In the run up to Uganda’s 55th independence anniversary celebrations scheduled for October 9, 2017, Business Focus will be running stories about the economic progress the East African country has made.
Uganda attained independence from Britain on October9, 1962. And to attain full economic independence, the then President Idi Amin expelled foreigners especially from Asia in 1972 and nationalized their businesses.
However, 55 years later, economic independence remains a distant dream.
The country not only largely depends on foreign imported goods, but also much of the country’s tax revenue comes from foreign owned companies.
For example, in 2016, Uganda spent US$4,325.66m (about Shs15.5 trillion) on imports, down from US$4,955.39m (about Shs17.8 trillion) in 2015.
On the contrary, Uganda earned US$2,921.25m (about Shs10.5 trillion) in 2016, up from US$ 2,667.19m (Shs9.6trillion) in 2015.
Additionally, Uganda has continued to borrow largely from external sources to finance her budget.
Uganda’s public debt has increased to Shs34trillion according to the ‘State of the Economy June 2017’ report released by the Bank of Uganda (BoU).
“The provisional total public debt stock (at nominal value) as at end May 2017 stood at Shs34.0 trillion, an increase of 14.1 per cent relative to June 2016 and 16.7 per cent in the same period a year ago.
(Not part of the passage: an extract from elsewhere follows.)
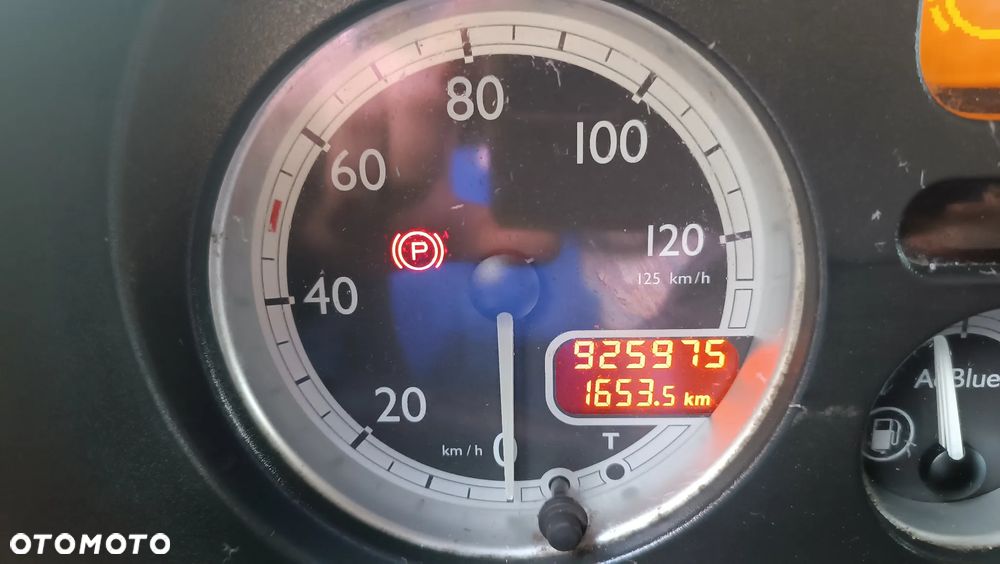 DAF FT XF105.410 - 8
It comprised Shs21.1 trillion (USD 5.7 billion) in external debt, commanding a dominant share of 62.4 per cent of the total public debt, and Shs12.7 trillion in domestic debt,” the report obtained by Business Focus reads in part.
This money is largely used to finance huge infrastructural projects like roads and dams that are also constructed by foreign companies.
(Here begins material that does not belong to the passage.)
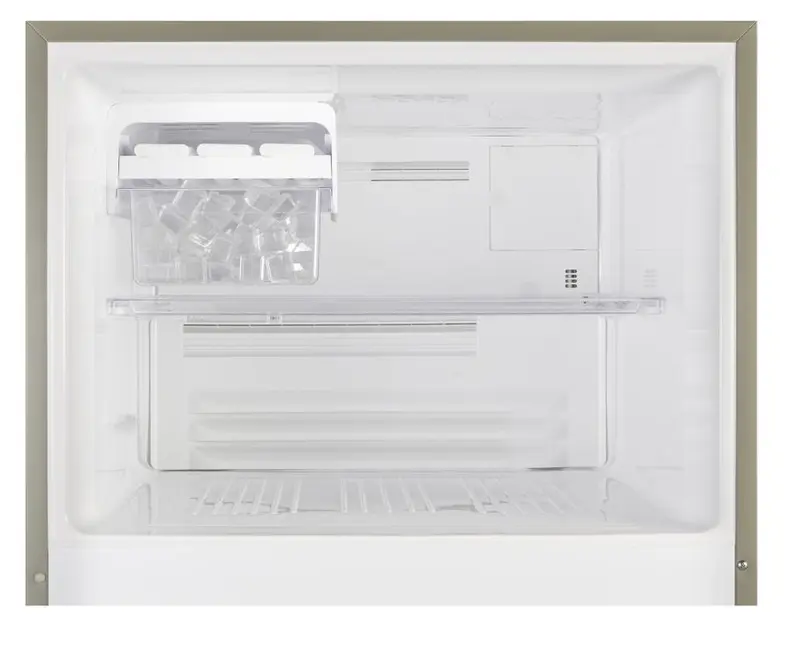 Двухкамерный холодильник Toshiba GR-RT565RS(LS) фото 5 в Ростове-на-Дону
Worse still, in 55 years, Uganda hasn’t nurtured many strong indigenous companies to support the economy; it is literally surviving on the mercy of foreign owned companies.
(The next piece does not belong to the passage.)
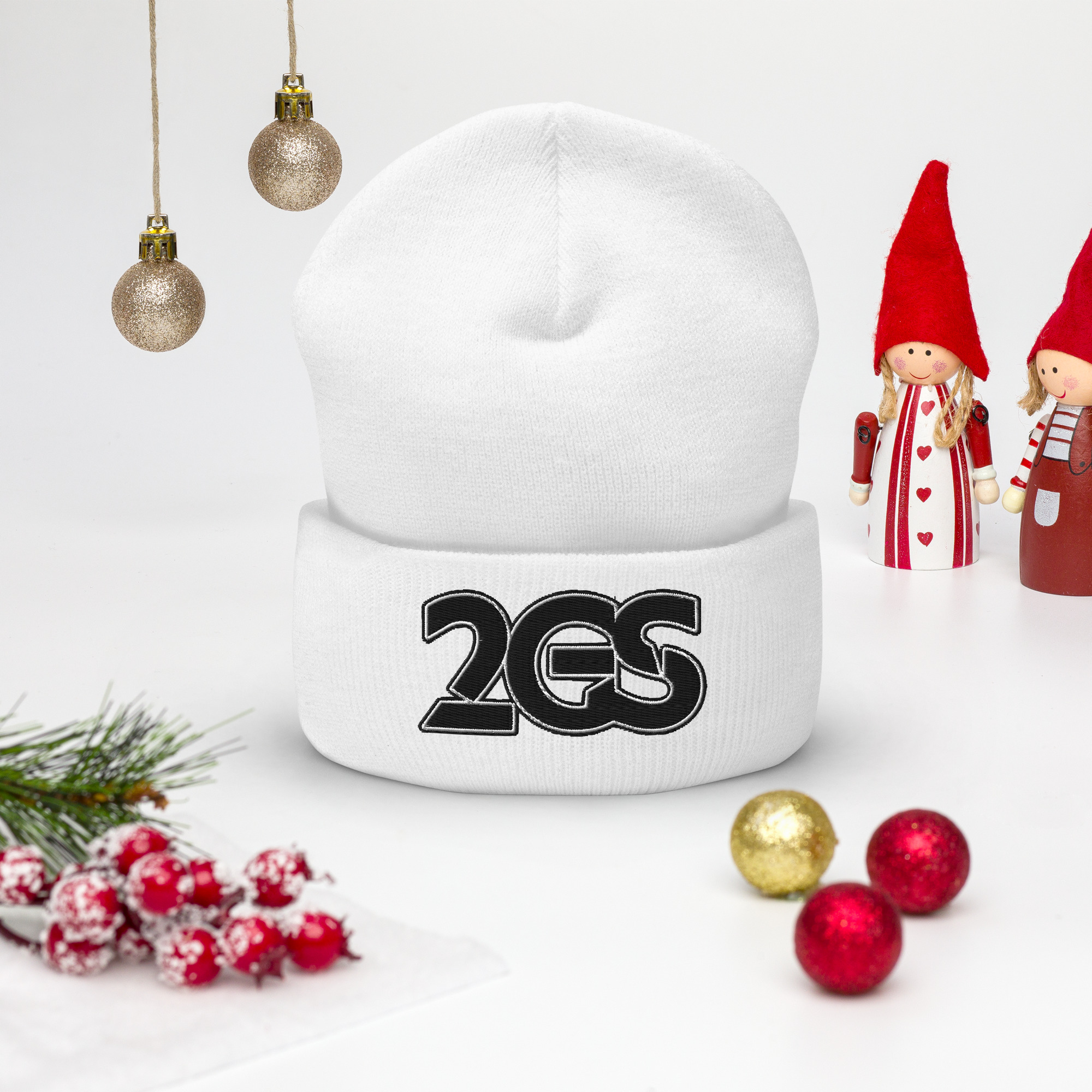 Cuffed Beanie (2GS) - Image 21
In early 2016, President Yoweri Museveni released a list of Uganda’s top 100 tax payers and a close analysis indicates that over 90% were foreign owned.
This means the figures used were for 2015. Key sectors of the economy including banking, telecommunications and manufacturing are all dominated by foreign owned companies.
That’s not to say these companies are bad. They employ many Ugandans and pay taxes. In fact, when they post profits, they pay 30% in Capital Gains Tax.
Thereafter, they are at liberty to do whatever they want with the money including repatriating profits.
All the top 10 tax payers are foreign owned and these are the most profitable companies in the country .
These include MTN Uganda Limited (South Africa), Nile Breweries Ltd (South Africa), Airtel Uganda Limited (India), Uganda Breweries Ltd (Kenya), Stanbic Bank (U) Ltd (South Africa), Tororo Cement Ltd (Kenya), Century Bottling Co. Ltd (United States), Bujagali Energy Limited (Switzerland), Kakira Sugar Limited and Umeme Limited.
The challenge with foreign owned companies is that they can easily relocate their business to better markets.
For example, Global brands that have been operating in Uganda for many years such as AON, AIG and British Airways have all quit, citing a small market (inadequate demand).
The failure by Uganda to build strong ingenious companies in 55 years leaves a lot to be desired.
In banking sector, all major banks are foreign owned. Out of 24 banks operating in Uganda, only three including Centenary Bank, Housing Finance Bank and Finance Trust Bank are locally owned.
The three systemically important banks; Stanbic, Standard Chartered and dfcu Bank are foreign owned.
A systemically important bank is one whose failure might trigger a financial crisis. They are colloquially referred to as “too big to fail”.
The problem with this kind of structure is that these banks become like a cartel so much that they dictate the market. Unlike in Kenya where government capped interest rates because majority banks are indigenous, such a policy may be hard to implement in Uganda where majority banks are foreign owned.
Shockingly, history shows Uganda hasn’t made efforts to support and grown indigenous banks.
Crane Bank, National Bank of Commerce, Co-operative Bank,, Greenland Bank, Teefe Bank and Gold Trust Bank have all collapsed without much effort to save them. International Credit Bank was also closed. Uganda Commercial Bank was sold to Stanbic while Barclays Bank acquired Nile Bank Uganda Limited in 2007.
In conclusion, Uganda doesn’t have a clear policy on how to nurture, grow and sustain indigenous companies. The recent Buy Uganda, Build Uganda (BUBU) policy is a step in the right direction, but more needs to be done in reducing the cost of doing business if local companies are to compete with imported goods. More importantly, government has concentrated its efforts on wooing foreign investors at the expense of potential local investors.
Many successful local investors haven’t received much government support.
This state of affairs raises one key question: Was Uganda’s independence hurried?